Little-known fact: The AR-02 Democratic race features one candidate who compares favorably with some of the most important people in American and world history. I’m talking, of course, about Patrick Kennedy. On his Facebook page, Kennedy released a non-proofread statement that, under the umbrella of trying to fire people up about changing the world by voting for Kennedy, contained this nugget:
[M]ore often than not, the blueprint of progress lies in the hands of our youngest visionaries.
When my granddad ran for US Congress at a mere 30 years-old – and won[,] I might add – he’d remind people that Alexander Hamilton was George Washington’s chief of staff at 20. Thomas Jefferson wrote the Declaration of Independence at 33. William Pitt was England’s prime minister at 24 and the best prime minister England ever had. Alexander the Great conquered the world before 33 and was reported to have wept when he learned there was no more world left to conquer. Joan of Arc commanded the French army at 17, and Jesus Christ hung on the cross at Calvary at only the age of 33.
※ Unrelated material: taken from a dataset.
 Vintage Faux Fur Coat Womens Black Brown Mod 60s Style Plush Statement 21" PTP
You can’t get more powerful examples than these.
First of all, that list contains all of six people. I hardly think you can term this “more often than not.” Perhaps “occasionally” or even “every once in a great while,” but certainly not “more often than not.”
Second, while one might have a hard time coming up with more powerful examples of your pre-selected rare occurrence, one would also be hard-pressed to find examples less relevant to Kennedy’s situation. We are, after all, talking about someone running for elected office. However, Hamilton was appointed by Washington; Pitt was appointed by King George III; and Jefferson, Alexander the Great, Joan of Arc, and Jesus were not running for an office at all.
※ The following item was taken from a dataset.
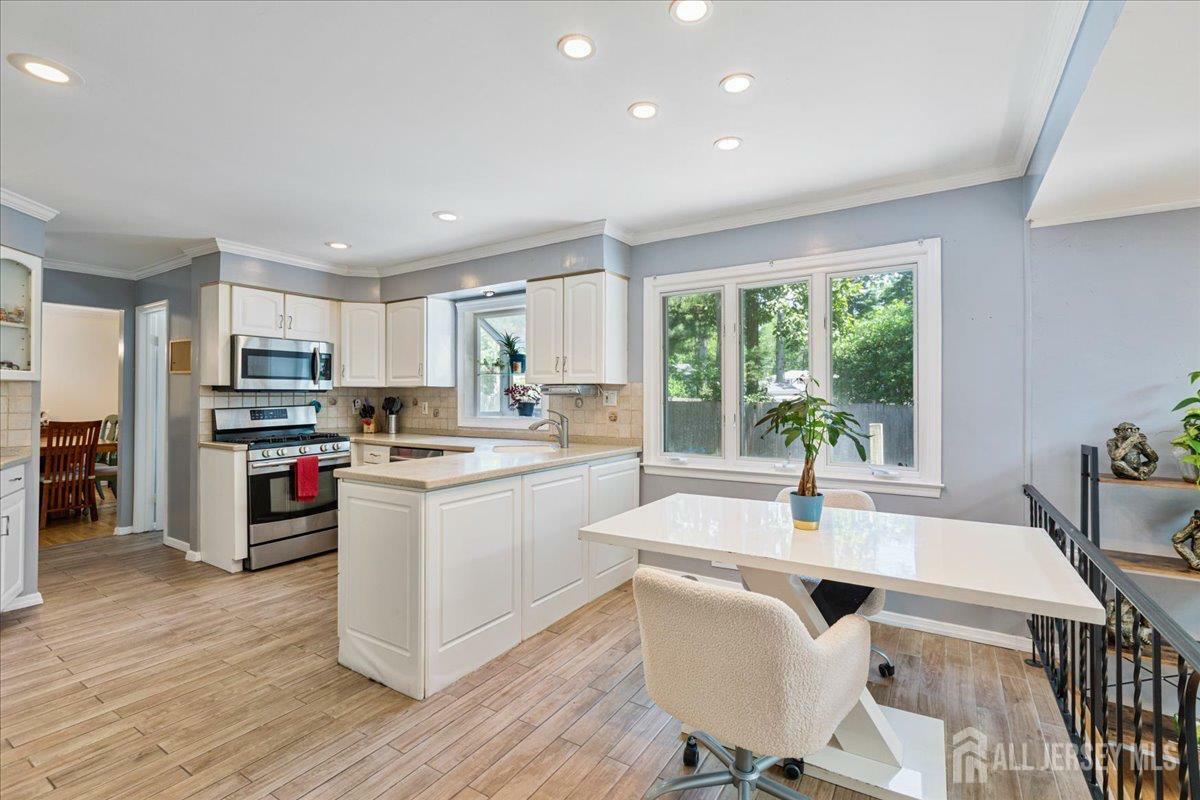 Property Photo:  8 Garfield Court  NJ 08902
Speaking of William Pitt, not only was he appointed to his office, but the average life expectancy around that time was just over 40 years, which is almost half of what it is in the U.S. today. The average lifespan for people during the times of Jesus, Joan of Arc, and Alexander the Great was even shorter. So we’re not exactly comparing apples to apples here.
Besides, this cuts both ways. Timothy McVeigh was just shy of his 27th birthday when he parked a bomb outside the Murrow Building in Oklahoma City. Charles Whitman was 25 when he climbed the clocktower at the University of Texas. Charles Manson was 34 during the Tate-LaBianca murders. Nero was only 27 when he began his systematic persecution of Christians, which included beheadings and being eaten by lions. King John, the worst king in English history according to most historians, was 32 when he took the throne.
I think you get the point; age has little, if anything, to do with one’s capacity to be great or absolutely terrible, either as a leader or as a human being. It is certainly not something that would suggest one way or the other whether a candidate deserves your vote.